[[ Recorded data, beginning ]]
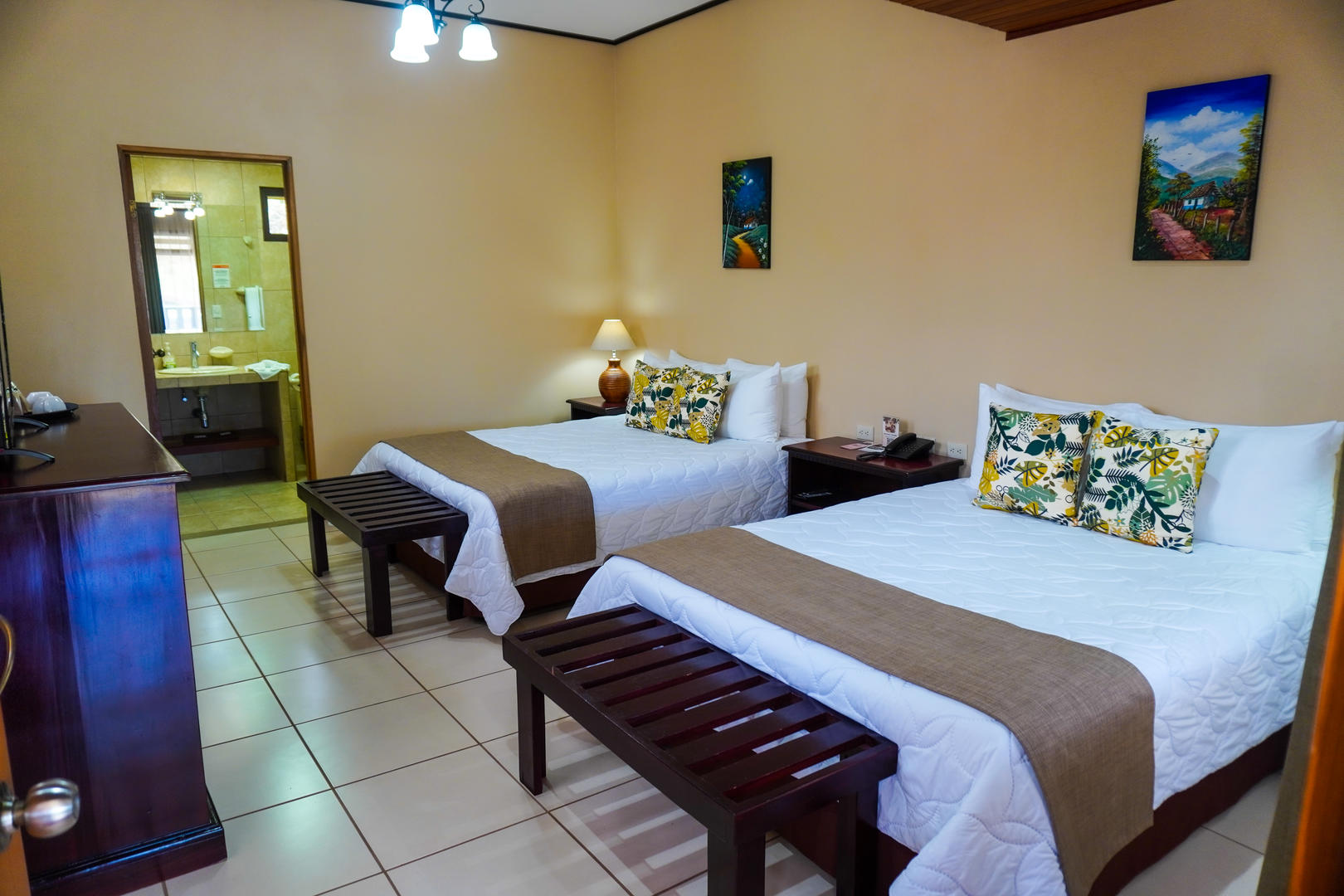 Superior room with two queen beds and visible bathroom area in the background at Monteverde Country Lodge, Monteverde, Costa Rica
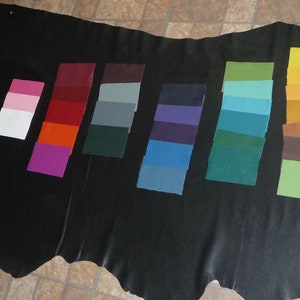 May include: A variety of leather swatches in different colors, including beige, pink, red, orange, purple, green, blue, brown, and yellow. The swatches are arranged in rows on a black surface.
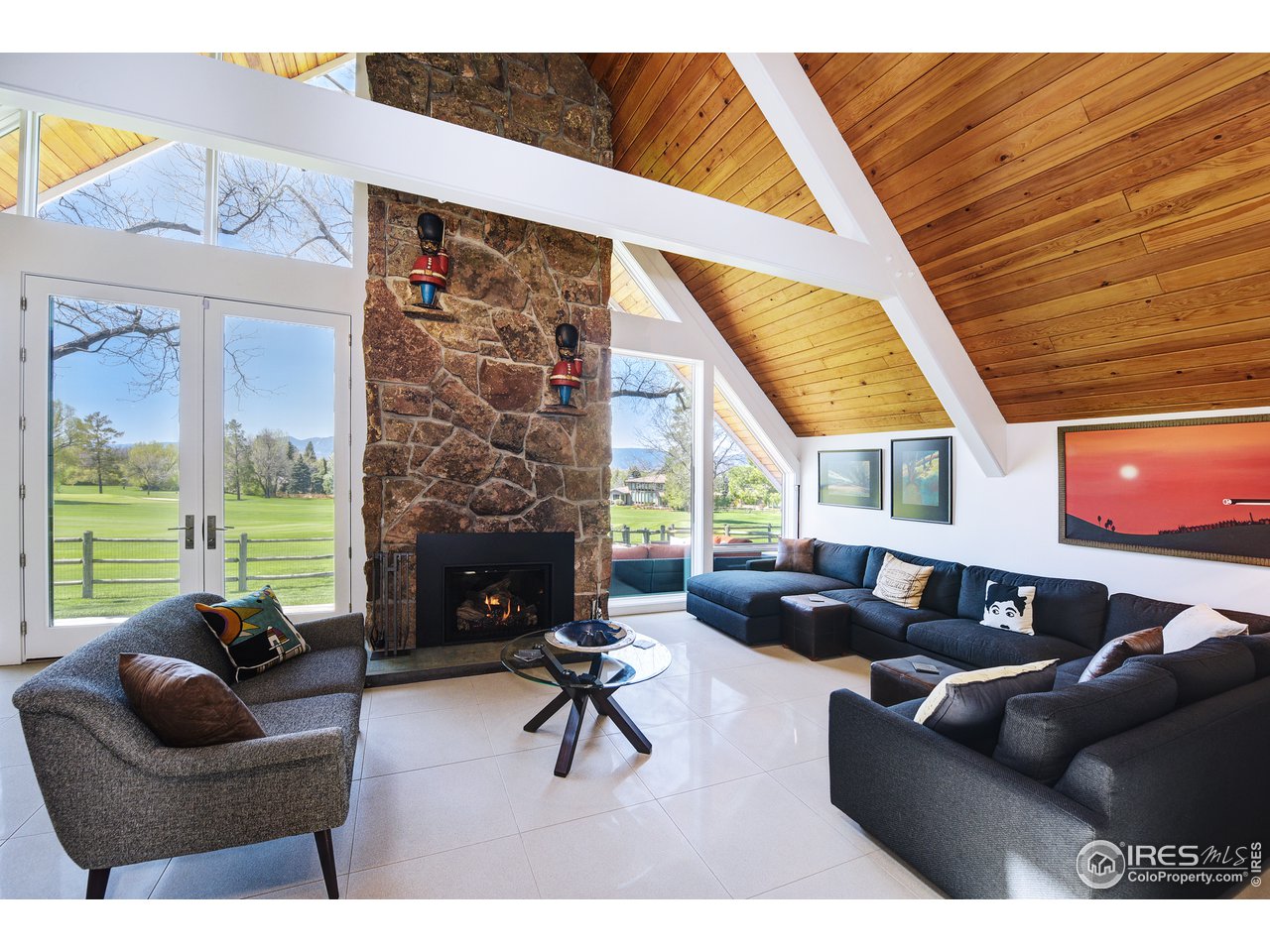 7006 Roaring Fork Trail Boulder, CO 80301 - Photo 20 of 40 a living room with furniture and a large window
[[ Recorded data, end ]]
*Your goal*.
Only lines belong in the copy: transcribe those from the start of the data through the line that contains "May include: A", and skip the pictures.

*Your response*.
 Superior room with two queen beds and visible bathroom area in the background at Monteverde Country Lodge, Monteverde, Costa Rica
 May include: A variety of leather swatches in different colors, including beige, pink, red, orange, purple, green, blue, brown, and yellow. The swatches are arranged in rows on a black surface.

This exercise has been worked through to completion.